Forum Moderators: phranque

Message Too Old, No Replies

Blocking badly behaved spiders

Such as IE Offline content or those that ignore robots.txt

         

sublime1

5:42 pm on Dec 16, 2004 (gmt 0)

10+ Year Member



Last night, we had something like 10 distinct IPs, all with IE user agents hitting our site as fast as they could. None obeyed robots.txt. And for a short time, our site was overwhelmed.

I would like to identify these automated user agents and temporarily block them. But I need to make sure I don't block the real search engine spiders.

I have a rewrite rule that Apache uses to look in a file for IPs to block (and then send a Forbidden) status back right away.

My thought is to maintain a cache of addresses that are hitting us frequently but whose user agents are not those we know we want. Once an IP exceeeds some threshold, we write their address to the list that Apache looks at and they are banned.

I would prefer not to reinvent this wheel -- does anyone know of some existing strategies or software that will help me with this problem? Our code is Java running in Tomcat, and our web server is Apache, all running on Linux.

Thanks in advance!

Sublime1

kpaul

5:52 pm on Dec 16, 2004 (gmt 0)

10+ Year Member



mod_throttle for apache. while i haven't tried it myself yet, i have similar problems and am thinking it will help. lemme know if you install it and it works - i haven't had time to try yet ;)

-kpaul

sublime1

8:19 pm on Dec 16, 2004 (gmt 0)

10+ Year Member



Thanks --

I looked at a mod_throttle I found via Google and it appears to work the other direction: specifying how much bandwidth a given site (virtual host, I guess) on a given web server can use.

I am looking for something that would detect patterns of incoming requests that tend to identify a spider, for example an excessive rate of requests from a given host.

kpaul

8:34 pm on Dec 16, 2004 (gmt 0)

10+ Year Member



i'm pretty sure it does what you're looking for. you can set it up with rules (from what i've read) so that if a particular IP or useragent hits your site more than x times per second or uses more than x megs in bandwidth, it will be stopped, delayed, etc.

or maybe i'm misunderstanding your request?

-kpaul

edit to add from the first goog site: [[Also mod_throttle can track and throttle incoming connections by IP address or by authenticated remote user.]]

The Contractor

8:44 pm on Dec 16, 2004 (gmt 0)

WebmasterWorld Senior Member 10+ Year Member



mod_throttle is exactly what it sounds like (throttle's resources). Do not use it if you run any scripting on your site because many perl scripts etc will not run (at least the ones I have tried). It is NOT what you want to control bots etc.
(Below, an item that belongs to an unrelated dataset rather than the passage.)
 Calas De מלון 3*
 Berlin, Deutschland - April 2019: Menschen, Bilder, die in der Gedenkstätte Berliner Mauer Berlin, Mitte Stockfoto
Use .htaccess to block bad bots or visitors you don't care to have. Many useful posts on this subject by searching this site like here [google.com] and here [google.com].

kpaul

8:51 pm on Dec 16, 2004 (gmt 0)

10+ Year Member



thanks contractor.

sorry for the bad advice ;)

-kpaul

sublime1

9:01 pm on Dec 16, 2004 (gmt 0)

10+ Year Member



Thanks Contractor. I was mostly having problems coming up with the right search terms to use to search WebmasterWorld :-)

The ban-bot script was the kind of thing I was looking for and I am sure there are other nuggest in there that I can use.